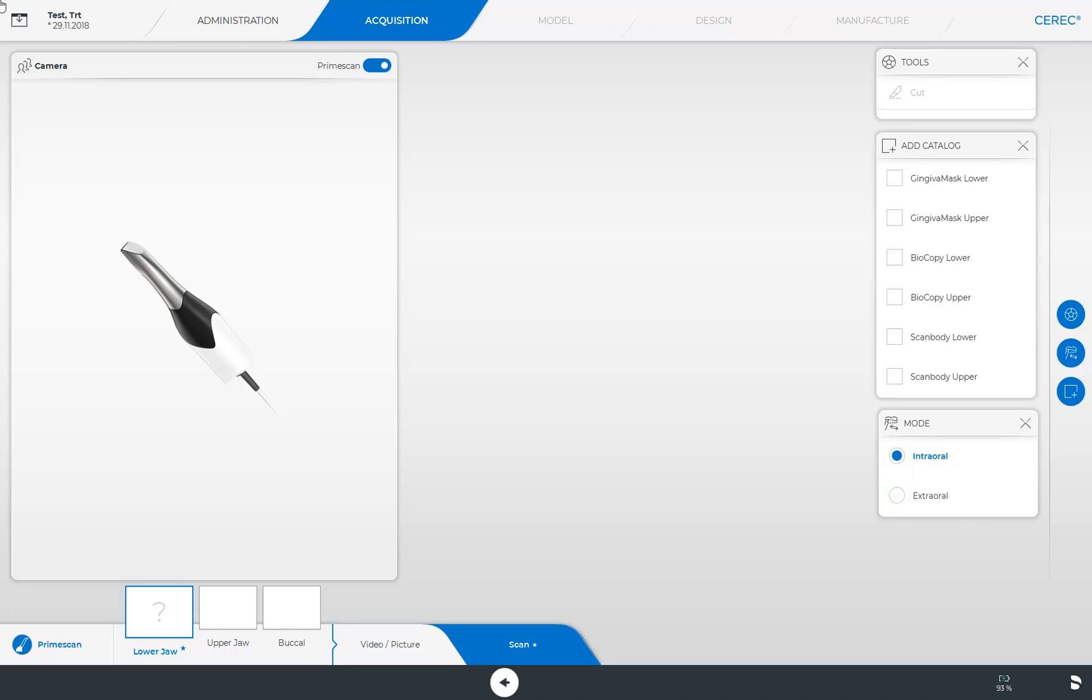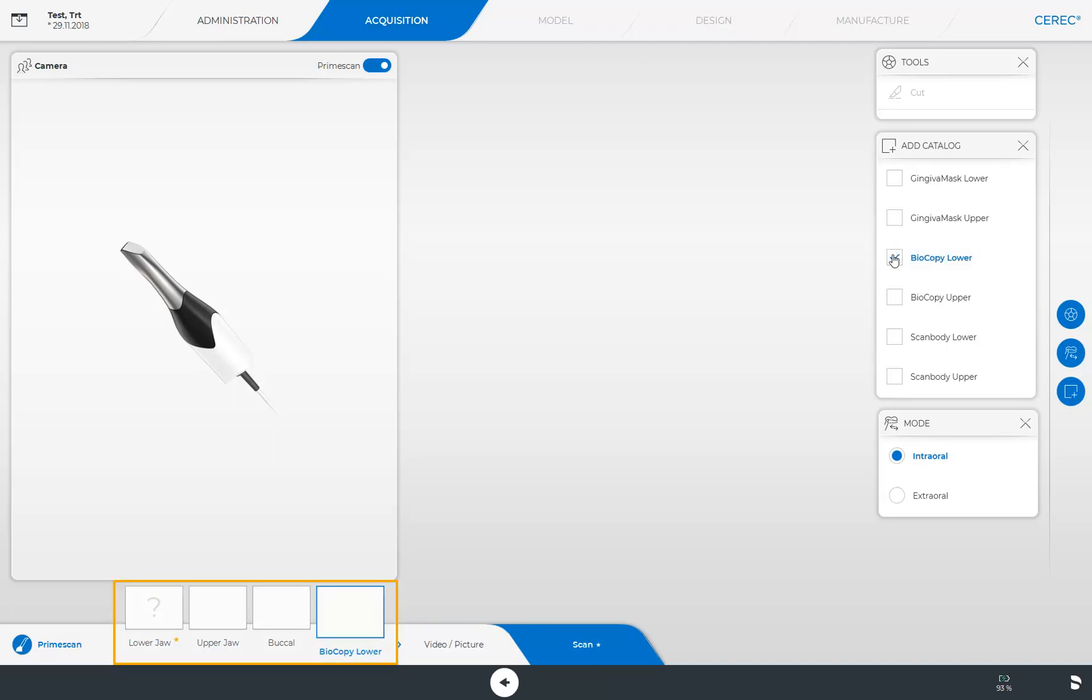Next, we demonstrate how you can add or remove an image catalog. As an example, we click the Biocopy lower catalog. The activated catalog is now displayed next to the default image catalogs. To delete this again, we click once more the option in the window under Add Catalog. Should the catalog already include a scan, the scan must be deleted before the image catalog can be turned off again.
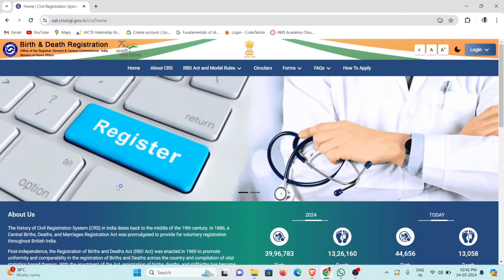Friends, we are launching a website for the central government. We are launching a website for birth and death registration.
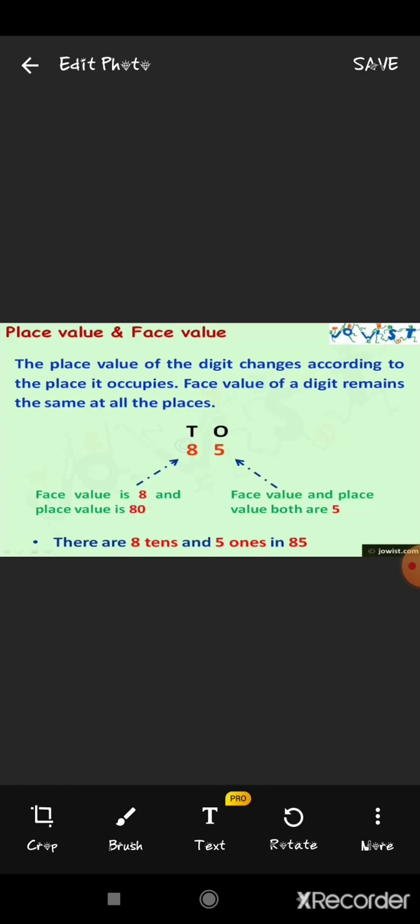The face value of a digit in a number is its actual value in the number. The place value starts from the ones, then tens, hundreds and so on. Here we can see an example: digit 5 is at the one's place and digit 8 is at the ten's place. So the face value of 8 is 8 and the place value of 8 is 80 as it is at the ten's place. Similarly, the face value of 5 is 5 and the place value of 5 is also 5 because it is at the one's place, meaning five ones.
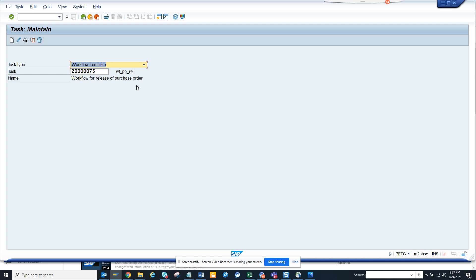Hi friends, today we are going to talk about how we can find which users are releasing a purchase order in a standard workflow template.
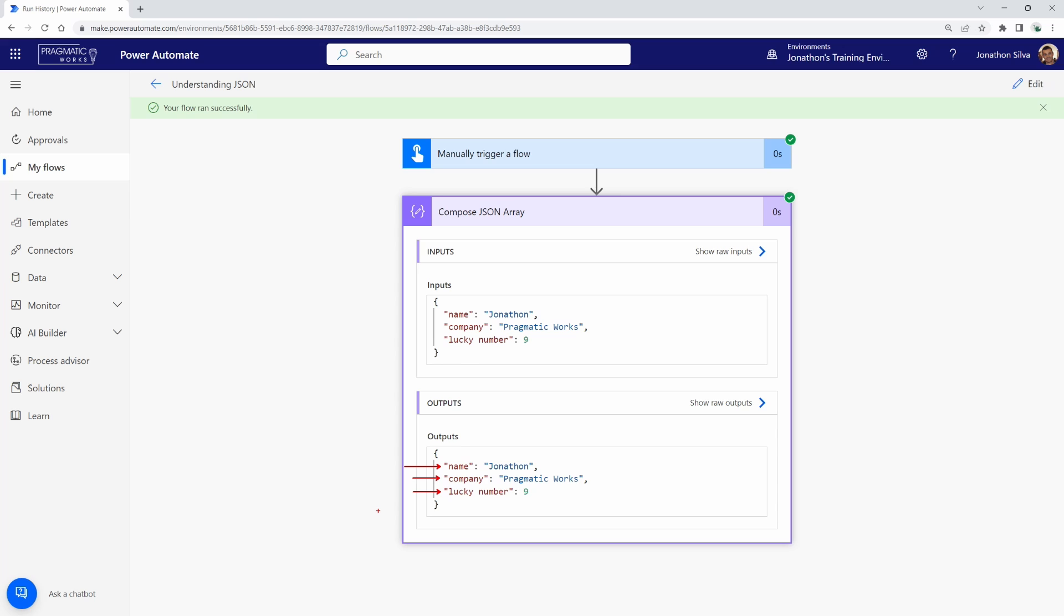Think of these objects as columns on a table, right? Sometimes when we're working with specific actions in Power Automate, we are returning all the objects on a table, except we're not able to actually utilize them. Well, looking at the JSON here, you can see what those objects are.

-------

What you are asked to do
The copy should hold exactly the lines from the line containing "The face value of a" through the end of the data, both ends included, and no pictures.

Solution for this task
The face value of a digit in a number is its actual value in the number. The place value starts from the ones, then tens, hundreds and so on. Here we can see an example: digit 5 is at the one's place and digit 8 is at the ten's place. So the face value of 8 is 8 and the place value of 8 is 80 as it is at the ten's place. Similarly, the face value of 5 is 5 and the place value of 5 is also 5 because it is at the one's place, meaning five ones.
Hi friends, today we are going to talk about how we can find which users are releasing a purchase order in a standard workflow template.
Think of these objects as columns on a table, right? Sometimes when we're working with specific actions in Power Automate, we are returning all the objects on a table, except we're not able to actually utilize them. Well, looking at the JSON here, you can see what those objects are.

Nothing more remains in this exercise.